Give back exactly the stretch of data below from the line holding "a car parked in front of a house" through the line holding "unfurnished room featuring", both ends included, and leave the remaining lines out.

Start of RECORDS PROVIDED

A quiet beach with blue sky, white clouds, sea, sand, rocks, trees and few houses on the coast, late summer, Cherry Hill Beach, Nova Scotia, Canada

End of RECORDS PROVIDED
Start of RECORDS PROVIDED

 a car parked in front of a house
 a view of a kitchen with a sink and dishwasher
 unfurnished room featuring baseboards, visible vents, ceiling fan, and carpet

End of RECORDS PROVIDED

## EXERCISE RESPONSE
 a car parked in front of a house
 a view of a kitchen with a sink and dishwasher
 unfurnished room featuring baseboards, visible vents, ceiling fan, and carpet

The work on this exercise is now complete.